Nick Carver is a working photographer and instructor based in Southern California, and his channel is one of the clearest examples of what happens when someone treats photography as a craft rather than a content niche.

Nick Carver Film Photography Youtube Channel
Image © Nick Carver

The work is rooted in the American Southwest, deserts, wide open landscapes, quiet scenes with strong atmosphere, and it shows a photographer with a very specific and developed eye. His love for large format and panoramic work, particularly 6x17, gives the channel a slower and more expansive quality that feels almost like a counterargument to the rest of analog YouTube. Where a lot of creators are chasing the next gear drop or trending film stock, Nick is out in the Mojave thinking carefully about light and composition before pressing the shutter.

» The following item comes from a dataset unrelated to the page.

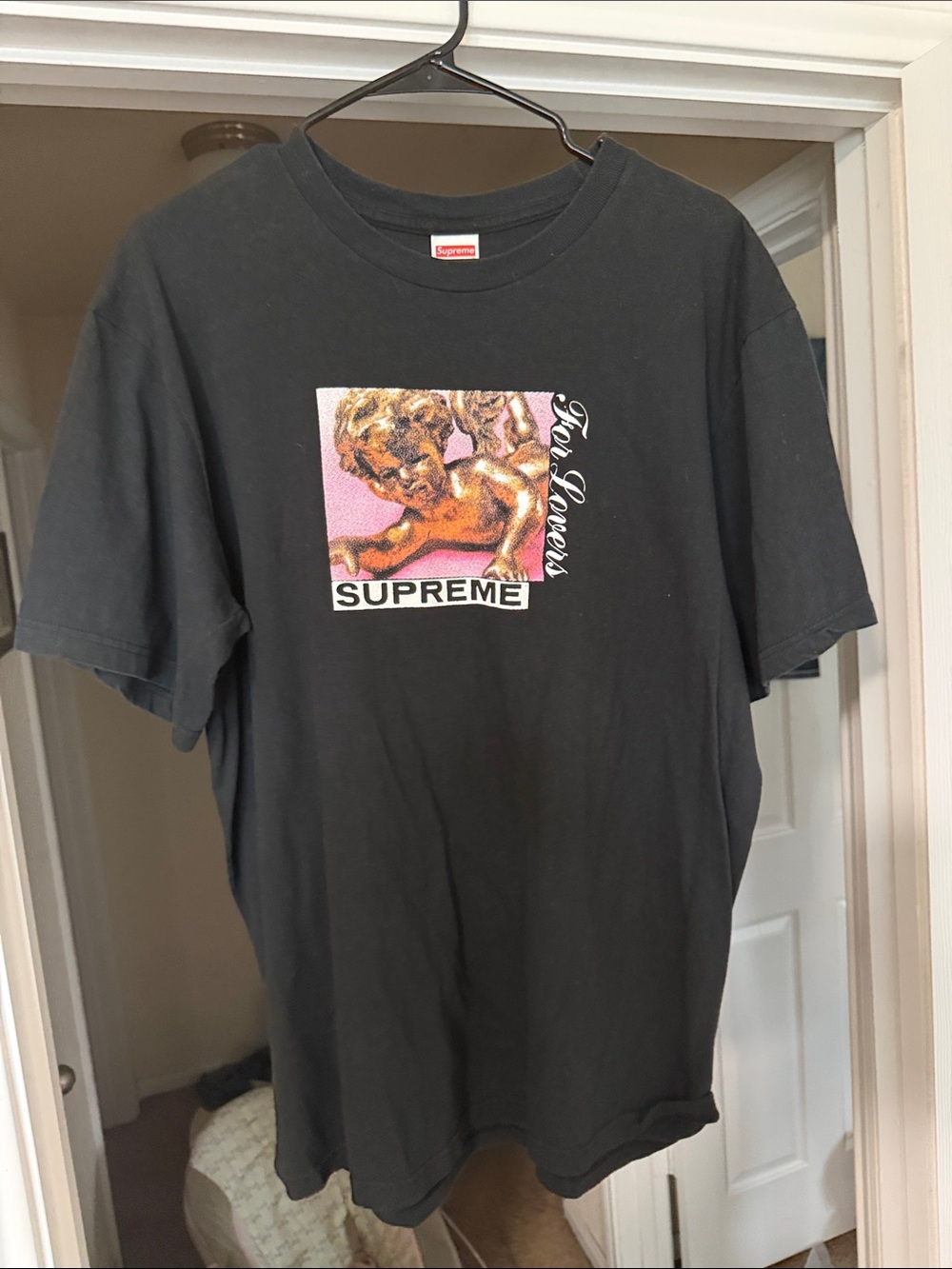 Supreme Black Crewneck T-Shirt with Cherub Graphic and Pink Accent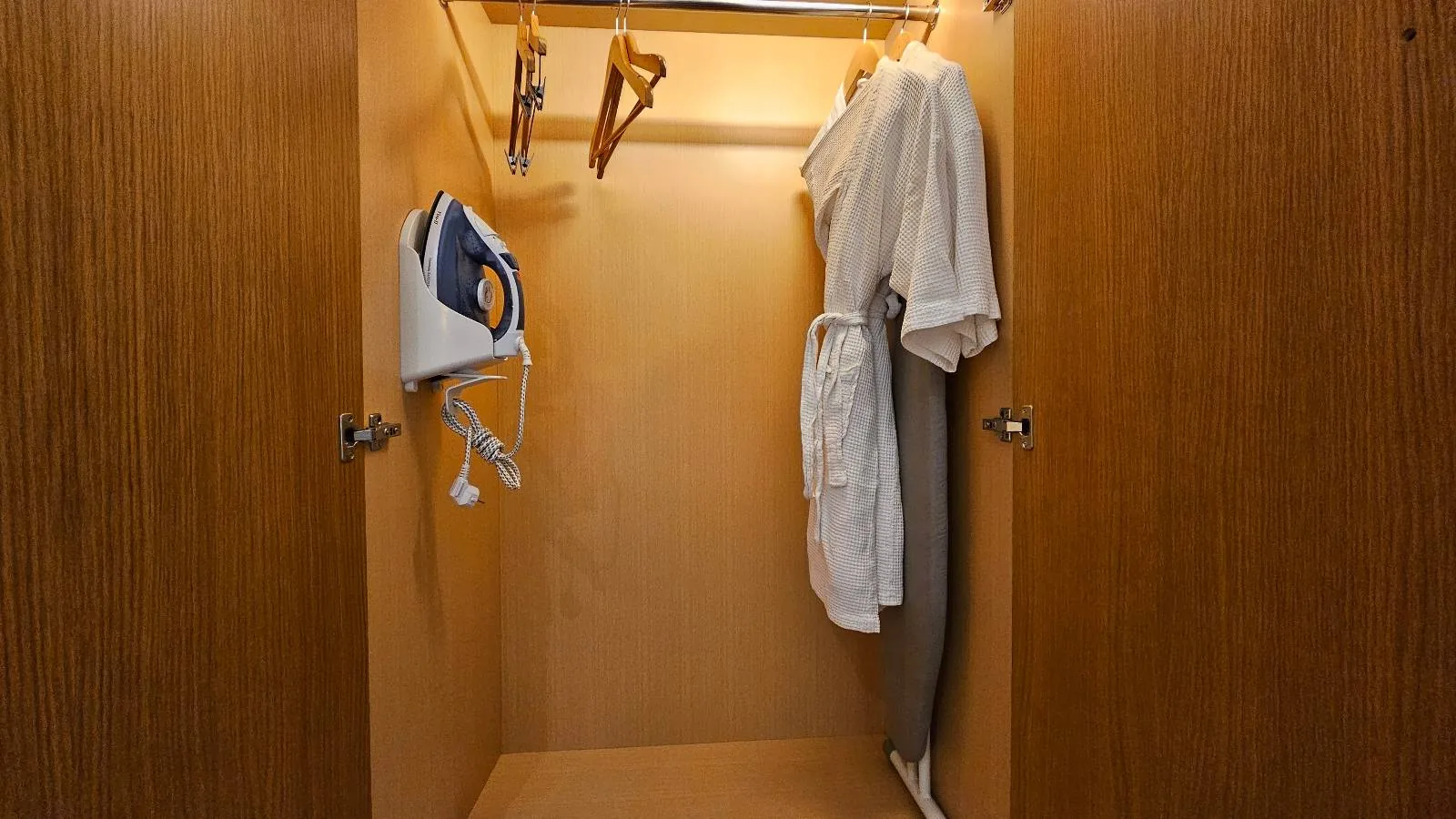 A wooden wardrobe with doors open, showing an iron, ironing board, hangers, a set of towels, and a white bathrobe hanging inside. The wardrobe interior is well-lit.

What keeps me coming back is how openly he teaches. The "Photography On Location" series takes you into the field and walks through the actual decisions behind an image, not in the abstract but in real conditions with real stakes. "Dissecting a Photo" does the same in reverse, unpacking finished work to show what made it land. Both formats reflect someone who understands the difference between showing results and sharing process.

He also covers the full arc from negative to final print, including fine art printing, zine making, and even organizing his own solo exhibition, which gives the channel a completeness that most photography creators never reach.

His videos have a way of slowing you down. You finish one and want to go outside with a camera and actually pay attention. That's a rare thing for YouTube to do.

His YouTube channel is well worth your time. Instagram too, if you want more of his Southwest work in your feed.

Bad flashes

Caleb Knueven runs Bad Flashes out of Kansas, and the channel has one of the clearest visual identities in the analog space. The name gives it away: harsh direct flash, night shooting, bold graphic light, and a punchy aesthetic that makes his images immediately recognizable. Even when he shoots in daylight or travels, that same sense of visual boldness carries through. In a space that often defaults to muted tones and soft golden hour light, it's a genuine point of difference.

Caleb Knueven Film Photography Youtube Channel
Image © Caleb Knueven

What makes the channel work beyond the look is how naturally Caleb balances personality with practical knowledge. The content is educational without feeling stiff, and he has a way of talking about film, cameras, and experimentation that makes the whole thing feel accessible and fun rather than gatekept. Whether you're just getting into film or already deep in it, the energy is the same.

His eye tends toward textured, overlooked, and slightly forgotten places. Abandoned buildings, decaying architecture, spaces with character and history. When one of his images shows up in your feed, you stop scrolling. Combined with the flash work, it creates a look that's instantly recognizable and hard to get tired of.

His background in filmmaking also gives the videos a narrative quality that sets them apart from standard how-to content. You get the sense that photography is part of a broader visual practice for him, not just a niche hobby, and that perspective shows.

And then there's Mamiyamigos, the podcast he co-hosts with Jason from Grainydays, which is an absolute must. Two people with strong opinions, genuine chemistry, and a lot to say about film photography. Highly recommended.

Subscribe to Bad Flashes on YouTube and follow Caleb on Instagra for the kind of images you don't often see in the analog space.

Twenty channels, one community

Twenty channels, and I genuinely enjoy every single one of them. Some I've followed for years, others I came across more recently and immediately wondered where they'd been all along. What they all have in common is that they make film photography feel exciting, worth learning about, and worth showing up for.

What I love most about this list is how different each channel is. Formats, aesthetics, priorities, personalities, regions. There is no single way to shoot film, and there is no single kind of person who does it. These twenty channels are a pretty good reflection of that.

If you find one that clicks, start with the back catalogue. That's usually where the real gems are hiding. And if there's a channel you think should have made the list, I'd genuinely love to hear about it.